Pengkaji hukum Leslie Green dan Thomas Adams dari Universitas Oxford berpendapat lain. Menurut mereka, Raz justru mengukuhkan ketidakterpisahan antara hukum dan moralitas. Argumen Raz bahwa hukum dan moralitas dapat dipisahkan seperti saat kita memisahkan antara peneliti dan objek eksperimen adalah sebuah kerancuan.
Jika hukum menuntut dampak moral (Raz, 1994), Green dan Adams menyimpulka, moralitas adalah syarat perlu (necessary) dari hukum. Keduanya bahkan mengatakan bahwa dari argumen Raz dan pemikir yang segaris dengannya tidak memenuhi syarat infalibilitas, separabilitas, dan netralitas (Green & Adams, 2019).
Sederhananya, bila hukum hanya konsekuensi dari sistem-termasuk gejala alam dan hal apapun yang tidak berkaitan dengan moral, maka kecenderungan hukum untuk terus berada di koridor moralitas mematahkan fondasi dari argumen Positivisme Legal manapun.
Dengan demikian, penelusuran di atas menunjukkan bahwa proyek menyaintifikkan hukum dengan membacanya sebagai jaringan aturan otoritatif yang sekaligus terbuka bagi koreksi moral masih menyisakan ketegangan antara kebutuhan akan kepastian normatif dan tuntutan legitimasi etis.
Raz menawarkan jalan tengah: hukum memperoleh kewibawaannya sebagai instrumen antara, tetapi hanya sejauh ia mampu mempertahankan kejelasan sumber dan fungsi pre-emptifnya.
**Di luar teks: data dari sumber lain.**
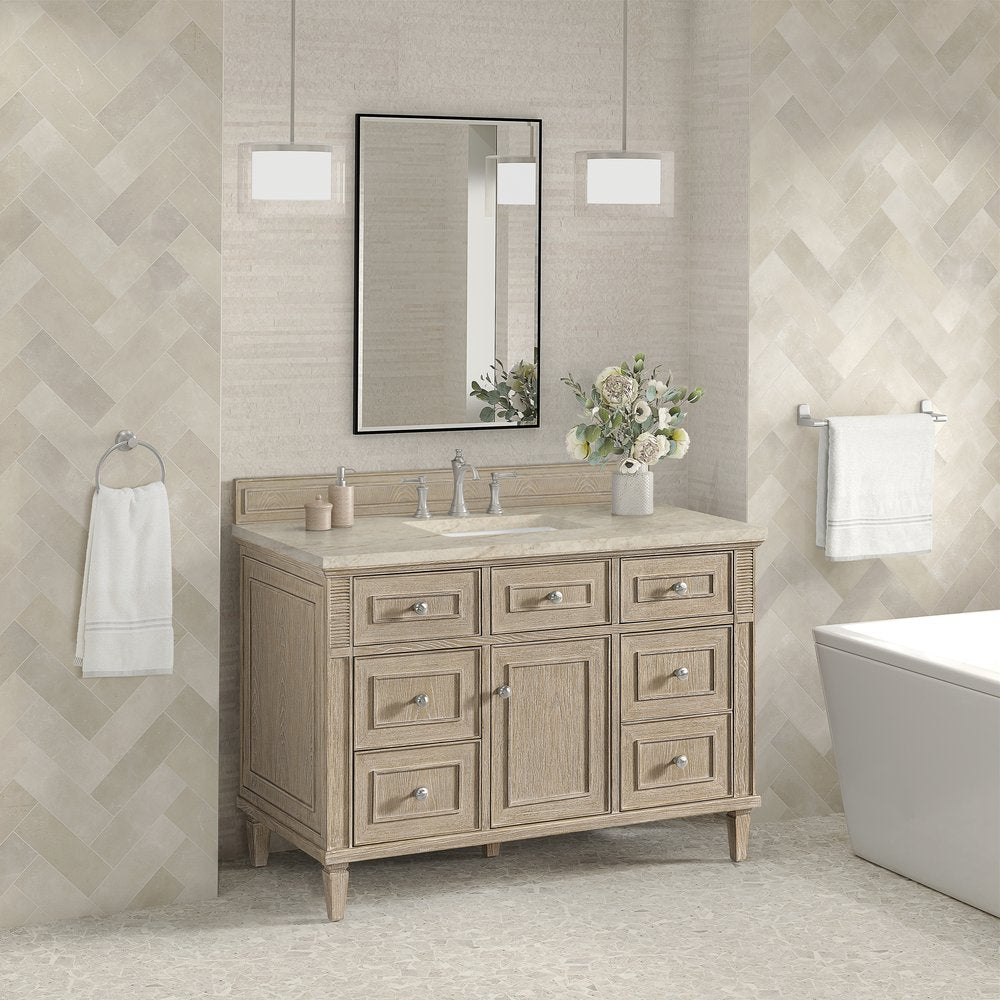 James Martin - Lorelai 48" Single Vanity, Whitewashed Oak, w/ 3 CM Tajnar Eclos Top - 424-V48-WWO-3TJR view 4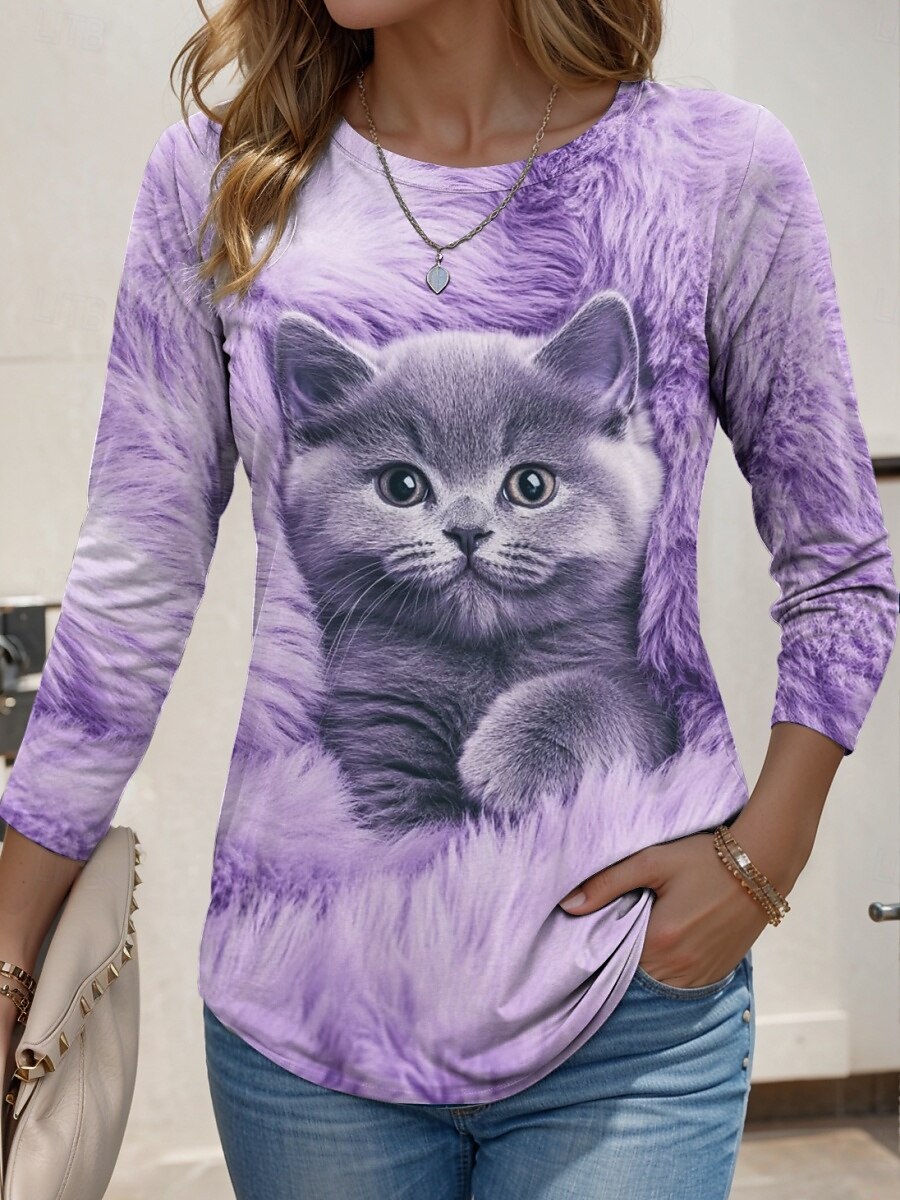 Femme T shirt Chat Mode Moderne Décontractées manche longue Col Ras du Cou Hauts réguliers du quotidien Fin de semaine Imprimer Violet Automne Hiver de 2025 ? $27.99 –P1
Argumennya memaksa kita mengakui bahwa, sama seperti rambu lalu-lintas atau resep dokter, aturan positif layak ditaati bukan karena kesempurnaan moralnya, melainkan karena ia memudahkan warga bertindak selaras dengan alasan-alasan yang sudah sewajarnya mereka ikuti.
Namun dalam kenyataannya, setiap hukum, bahkan yang paling formal sekalipun, beroperasi dalam horizon moral yang tidak pernah sepenuhnya dapat dinafikan.